Every line from the line containing "Слот Banana Drop играть бесплатно" to the end of the data must appear in the answer exactly as it appears there, and nothing else.

[Short descriptive text snippets]
"""

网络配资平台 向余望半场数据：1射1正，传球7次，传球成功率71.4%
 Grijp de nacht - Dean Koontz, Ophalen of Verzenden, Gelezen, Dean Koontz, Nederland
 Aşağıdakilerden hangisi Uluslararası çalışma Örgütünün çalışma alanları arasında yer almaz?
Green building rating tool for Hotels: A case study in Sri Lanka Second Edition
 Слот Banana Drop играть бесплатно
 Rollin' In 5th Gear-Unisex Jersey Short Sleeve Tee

"""

▶ SOLUTION FOR THIS PROBLEM:
 Слот Banana Drop играть бесплатно
 Rollin' In 5th Gear-Unisex Jersey Short Sleeve Tee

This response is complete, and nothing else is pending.